他们浑身颤抖着,咳嗽着,甚至大声的哭喊着、尖叫着。而更让他们害怕的是,防炮棚顶上的木梁也发出了让人害怕的“滋滋”声,在剧烈的颤动中木梁缝隙里的尘土像下雨似的落了下来,让他们无不是惊恐的抬头看着头顶,唯恐它被炸塌了。
“大家伙都不要慌!”
张富才站起身来,他用力的摇着头,想要摆甩掉头上的灰土。
“咱们头顶上的防炮棚绝对能挡住官军的大炮,没什么好怕的……”
他一边说一边看着周围。然后注意到门边的老杜头一动不动的躺在地上。
“老杜头,老杜头……”
弯腰摇着老杜头,可是他却没有任何的反应,一动不动的趴在那里。
翻过身来,才看到鲜红的血流正从他的胸前流了出来,这肯定是刚才炮击刚打过来时受的伤。

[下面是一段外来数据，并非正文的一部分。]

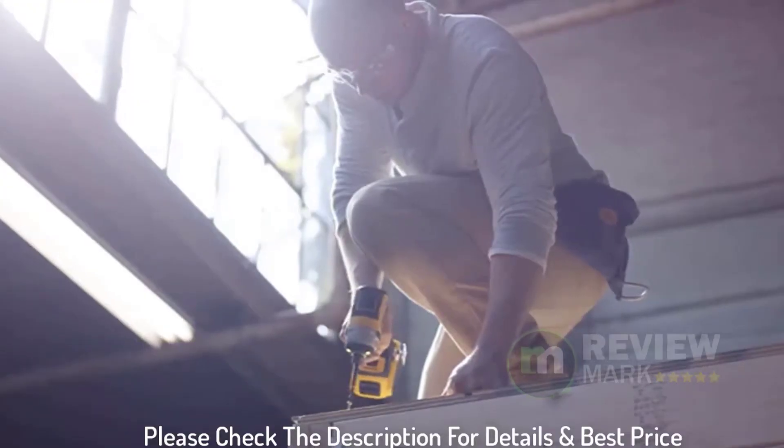Item weight: 7 pounds. Please check the description for details and best price.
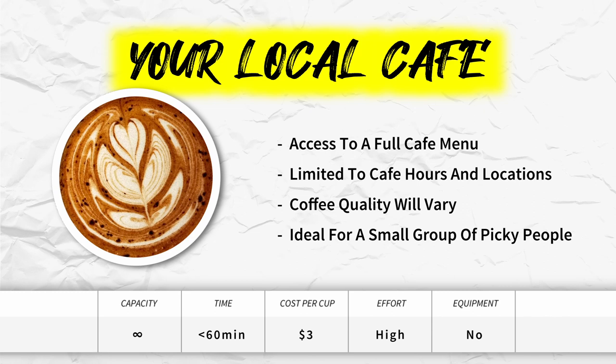Your local cafe. This is an option you might not think about, but why not take your group to a local cafe where everyone can pick whatever they want? You get access to a full cafe menu — lattes, cappuccinos, black coffee, tea, lemonade, whatever they want. One downside is that you're limited to the cafes around you and their hours and locations. Coffee quality will also vary. This is one of the most ideal solutions for a small group of picky people — everyone gets what they want and quality is the cafe's responsibility.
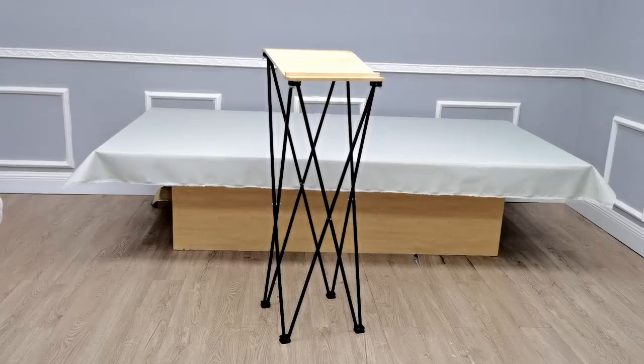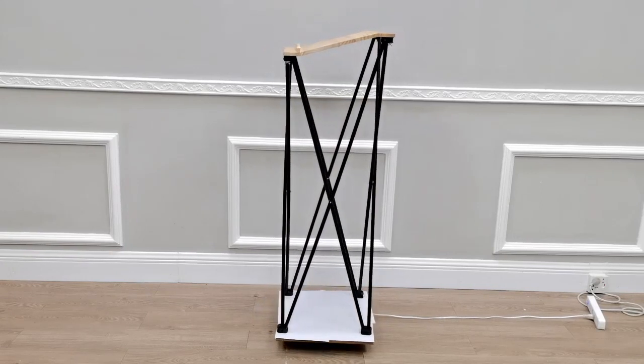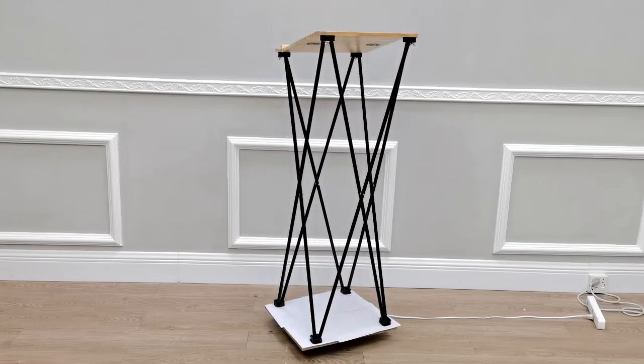Thank you for buying this 119679 portable podium from Fixture Displays. This is an excellent lectern that you can travel with — it measures about 15 by 15 by 45 inches.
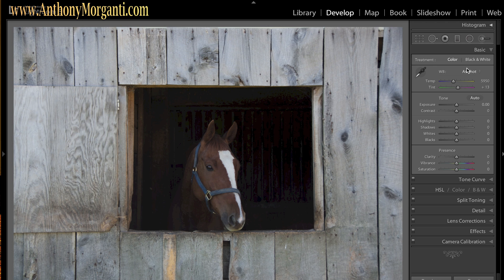I'm going to process this photograph a little differently than I do my landscapes. As most of you who've watched my videos know, I bring highlights all the way down and shadows all the way up on landscapes, but this isn't a landscape so I'm not going to do that. I want to adjust the highlights and shadows to bring out the wood the best I possibly can, and also bring out a little more detail in the horse's head, so I'm going to bring highlights up a little.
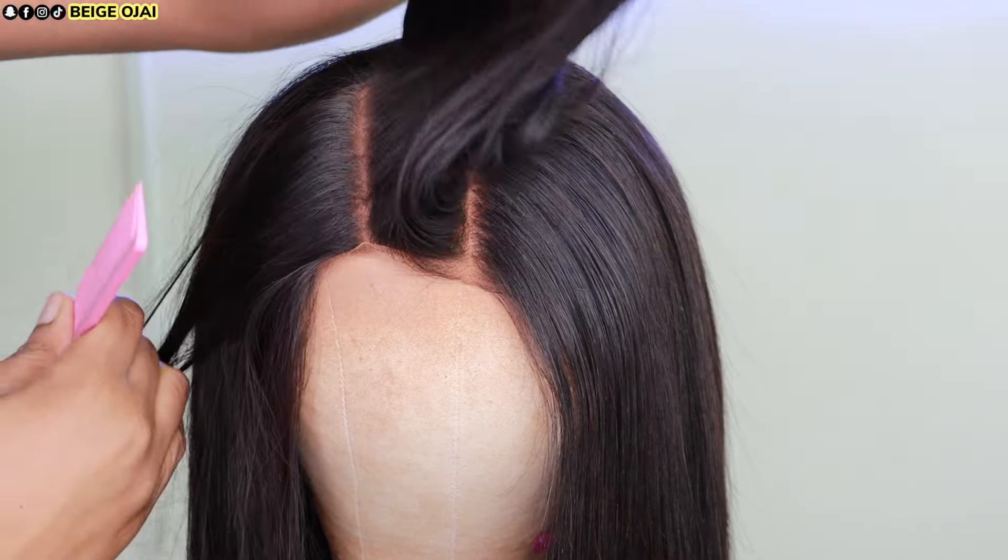Here is how much parting space you get. This is a 4x4 lace closure, but you are able to do a left or right side part, or a middle part — you can get creative with different hairstyles within the 4x4 lace. Next, I'm going to style the wig. I'm grabbing Biosilk Silk Infusion hair serum, applying it to the hair, and then in small sections I'm flat ironing through the hair with a light bump at the end.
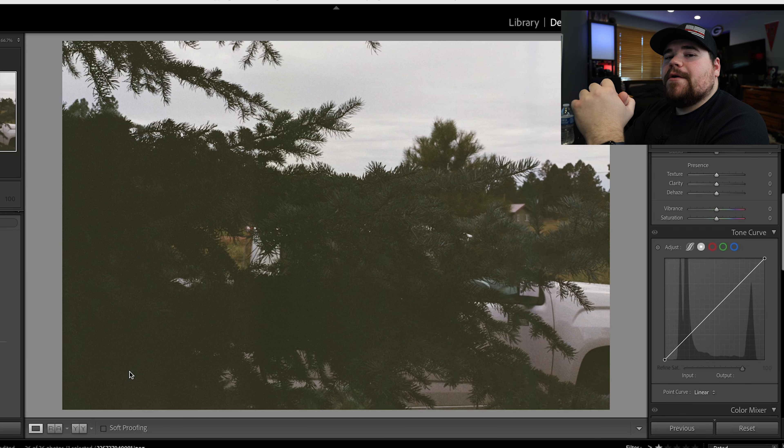This roll of film went to five states, counting my own state of California. It also went to Arizona, Idaho, Utah, and Nevada. But instead of just telling you about it, let's hop into the computer so I can show you the first roll of film I have ever shot. We are now screen recording Lightroom Classic. Let's go ahead and go through these photos.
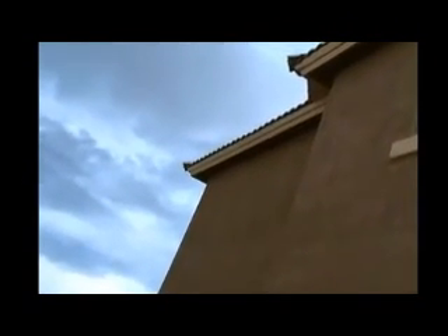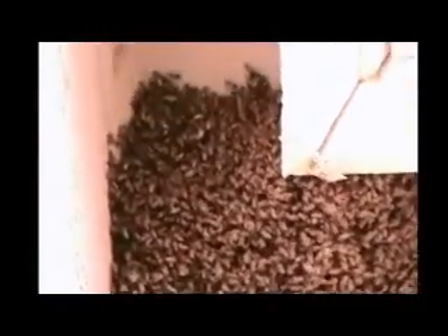Going around your roofline and sealing all the little holes that you can see is important, because these bees will decide to go wherever they want. They're underneath that overhang and feel enough protection there to just begin building comb and stay there. The question is whether they've used up the available cavity on the inside and began to build comb on the outside. Going around and trying to seal up all the little holes and cracks is your best defense.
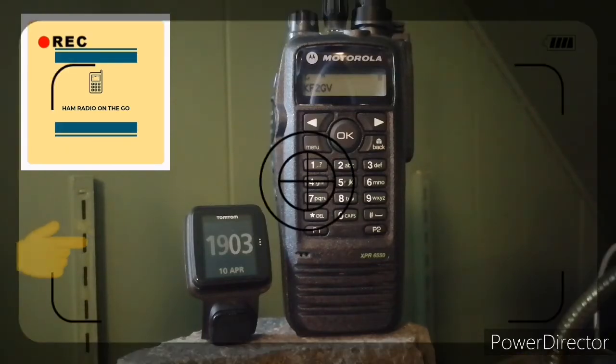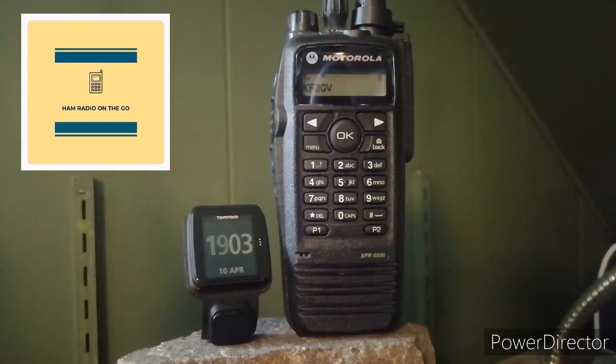As you can see on the clock on the display, this was recorded on April 10, 2022, 1900 UTC — that's 3 p.m. Eastern Daylight Saving Time.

见惯了死亡的张富才并没有过于纠结他的死,而是对身边的弟兄吩咐到。
“这门太大了一些,赶紧抓紧时间挖点土堵上,想活命的话,就抓紧时间。”
对于信奉万事都要小心的他来说,现在发现了棚子的问题,那自然要想办法解决他。
老杜头的死提醒了他,要是不抓紧时间把这个洞口堵上,变小一些。万一要是还有开花弹打下来。正好打在门口的话,恐怕这棚子里就不剩几个活人了。
被吓了一跳的众人哪里还敢像过去一样唠叨纷纷拿起铁锹。直接在地上挖土,堆堵在门口。
在弟兄们忙活的的时候,张富才朝着防炮棚的另一头走去,瞧了一眼炮棚窗口的佛郎机,虽说只是一台小佛郎机,可要是明军打过来了,还真离不开这玩意。
“还好,官军没有打过来。”
看着外面不断炸起的烟柱,张富才自言自语道,然后向着自己那些蜷缩在墙角瑟瑟发抖的部下走了过去。
“别害怕,官军还没上来就吓成了这副模样,要是官军上来了那还……”
就在这时,尖锐的呼啸声越来越近,然后伴随着一声猛烈的巨响,打断他话语的同时,滚滚的烟尘也灌进了防炮棚里。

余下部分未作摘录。